Paddy Linighan, Clyde & Co

Luke Baldwin, Nature Broking

Andrew Watson, Rethinking Capital

Mika Morse, Climate Liabilities and Assets Initiative

Thomas Annicq, Climate Liabilities and Assets Initiative oneshot.earth

Together, we’ll explore how constructive obligations under IAS 37 and recognition of intangible assets under IAS 38 can flip the “upside-down incentives” in today’s accounting—and unlock decision-useful information for boards, investors, and markets.

This is a critical conversation for boards, CFOs, investors, lawyers, and auditors who want to understand how accounting for climate is possible today, creates better outcomes, and why it matters for the transition.

Clyde & Co — Putting “Climate on the Balance Sheet”

Who/what

  • Global law firm: ~500 partners, ~3,000 legal professionals, ~5,500 staff across ~70 offices; single global partnership model.

  • Commitment: Net zero by 2038.

  • Operating reality: A material share of revenue depends on clients with decarbonization expectations (in the top-25 clients alone, 19 have carbon-reduction plans; 17 have net-zero/SBTi targets). Talent attraction/retention (early-career “ze/lennials”) also pushes credibility.

The trigger (why now)

  • March 2022: A major client contract hard-wired short-term decarbonization targets into Clyde & Co’s supplier terms. This collapsed the “2050 horizon” into a 3-year deliverable, reframing the board discussion from cost of action to cost of inaction (lost revenue in the multi-millions).

Governance & authenticity

  • As a law firm advising on climate risk and litigation exposure, greenwash risk had to be near-zero. They paired the ambition with an operational roadmap (initially with Carbon Intelligence, now Accenture).

  • Program structured around three pillars: (i) DEI/wellbeing/pro bono/social impact, (ii) environmental sustainability & biodiversity (relevant here).
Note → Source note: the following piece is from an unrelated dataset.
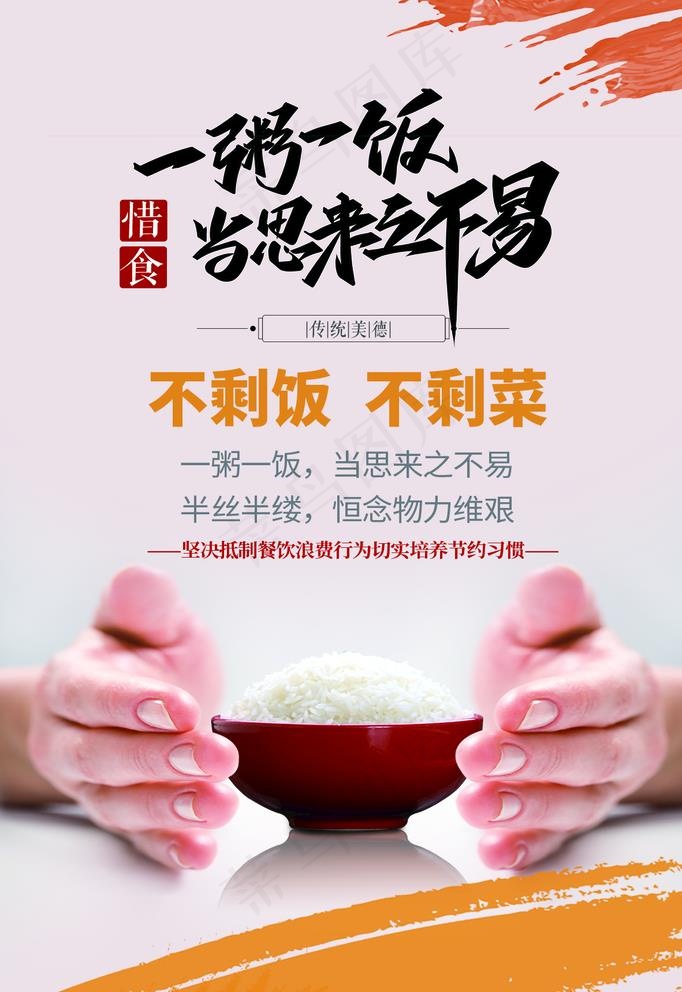 食堂展板图片psd模版下载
Strategy architecture (two coordinated tracks)

  1. Decarbonize operations (Scopes 1–3)

    • Scope 1–2: renewables, energy retrofits, facilities upgrades.

    • Scope 3: business travel program redesign and supplier engagement (purchased goods/services) incl. switching to more sustainable vendors—recognizing real switching costs.
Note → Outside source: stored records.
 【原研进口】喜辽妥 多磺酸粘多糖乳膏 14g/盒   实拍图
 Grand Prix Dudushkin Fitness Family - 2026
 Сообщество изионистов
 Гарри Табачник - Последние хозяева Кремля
  2. Secure removals/credits for residuals

    • Build a forward portfolio of high-integrity removals to cover the hard-to-abate tail in 2038—buy earlier, hold, and retire later.

    • Rationale: hedge future price spikes, fix supply, provide early liquidity to quality projects (brings the climate intervention forward in time).

Financing signal

  • Sustainability-linked credit facilities (SLLs):

    • KPIs: combined Scope 1+2 and Scope 3 emissions targets (plus a DEI KPI).
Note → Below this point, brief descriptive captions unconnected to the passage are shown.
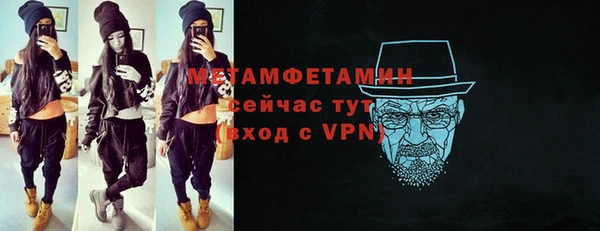 кристаллы Вяземский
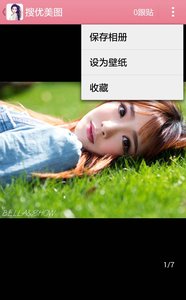 ������ͼappv1.1 ��׿��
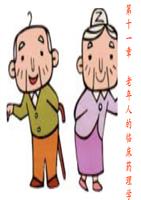 第11章老年人的临床药理学.ppt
    • Outcome: interest-rate step-downs for meeting KPIs; aligns treasury with the transition plan and showcases credibility to banks/investors.

Accounting model (IFRS path using today’s standards)

1) Liability recognition — IAS 37 (Constructive Obligation)

  • The public 2038 net-zero commitment + internal transition plan create a constructive obligation.

  • Measurement: expected tonnes across the transition × a shadow carbon price (firm already uses one for planning). This yields a provision over time, not a one-off hit.

  • Why it matters: surfaces the true obligation and unlocks asset recognition for the matching actions.

2) Capitalize matching transition activities — IAS 38 (Intangibles)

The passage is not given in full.